Despite this, LLMs offer distinct advantages, particularly their multimodal capabilities and ease of use. Unlike deep learning models, which require sophisticated software and large datasets (21), LLMs like GPT-4o and Claude Sonnet 3.5 can be easily deployed in clinical environments without extensive setup (11,22). Their ability to process both clinical notes and visual data, such as intraocular pressure, fundus images, OCT scans, and visual field results, could streamline workflows in primary care. This support can help general practitioners with diagnostic decisions and enable faster referrals to specialists, particularly valuable in resource-limited settings with limited access to ophthalmologists.
Based on our results, multimodal LLMs could assist in clinical settings, particularly in identifying normal optic nerve with high accuracy, which could streamline referrals and reduce the workload on ophthalmologists (23). This would allow specialists to focus on more complex cases. However, while the improvements from prompt engineering are promising, they also highlight the importance of effective interaction with these models. Future healthcare providers may need training on how to craft prompts to maximize the diagnostic potential of LLMs and integrate them into clinical workflows efficiently (24).
This study has limitations. Although we used two datasets with anonymized file names for both testing and validation, we were unable to perform direct comparisons across all specific conditions, as the validation dataset did not include the same five retinal conditions (15,16). Additionally, some of the images in the datasets may have been part of the models’ original training, which could have influenced performance.

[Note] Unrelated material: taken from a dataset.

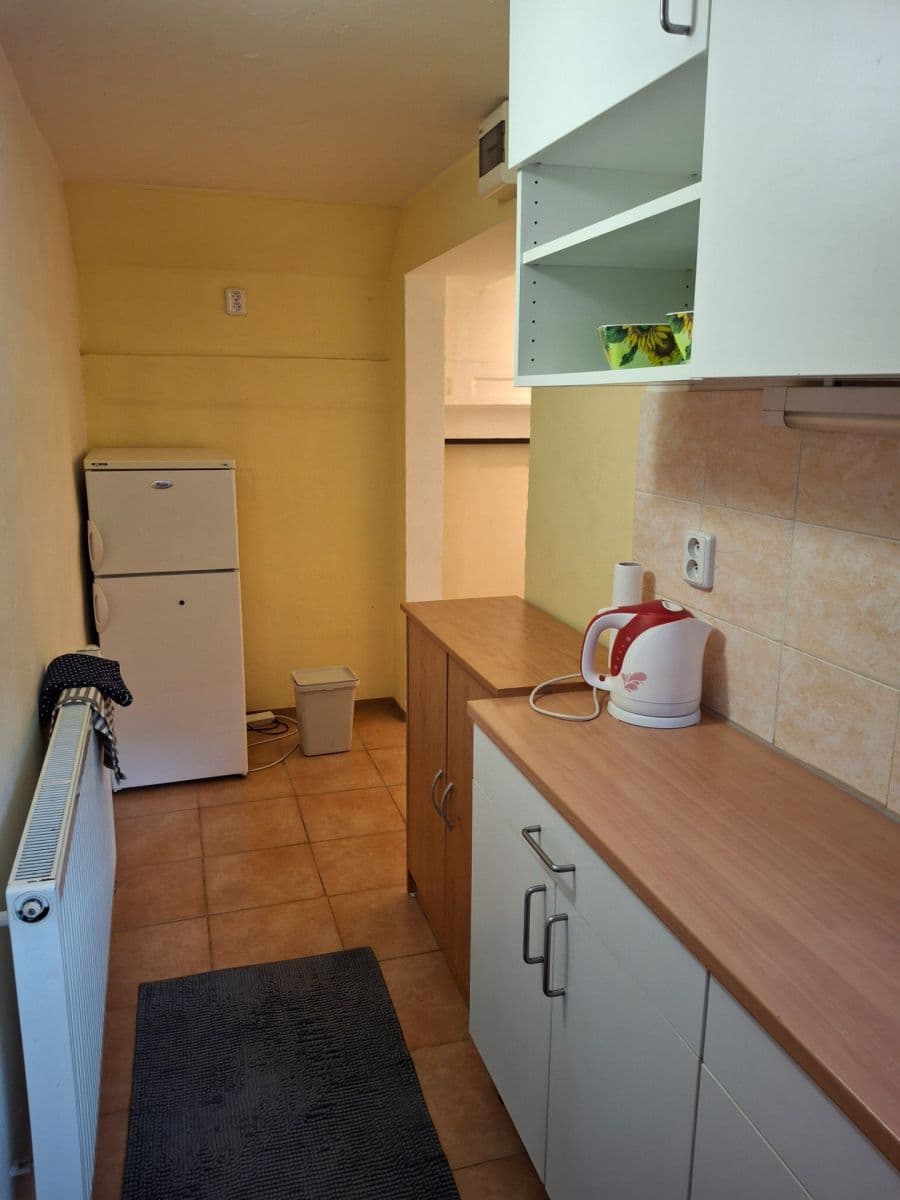 Prenájom bytu 3-izbový 75 m², Lipí, Praha, Praha Prenájom bytu 3-izbový 75 m², Lipí, Praha, Praha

Finally, our analysis focused solely on imaging, whereas clinical practice typically involves integrating imaging with clinical data (7). Future work should focus on better integration of clinical and imaging data for more comprehensive testing and performance refinement.
In conclusion, the promising results of few-shot prompted multimodal LLMs suggest they could be integrated into clinical practice to streamline and ease the diagnostic process, particularly in primary care settings. While these models still fall short in diagnostic accuracy compared to deep learning techniques, their simplicity and ease of use offer practical solutions for assisting in routine retinal disease diagnoses. Future research should focus on further testing and validation of these models, including fine-tuning, while also exploring the integration of clinical text data with imaging to enhance their diagnostic capabilities and potential clinical utility.
Data Availability
All data produced in the present study are available upon reasonable request to the authors
Footnotes
Financial disclosure – This research received no specific grant from any funding agency in the public, commercial, or not-for-profit sectors.
Competing interest – None declared.
Ethical approval was not required for this research.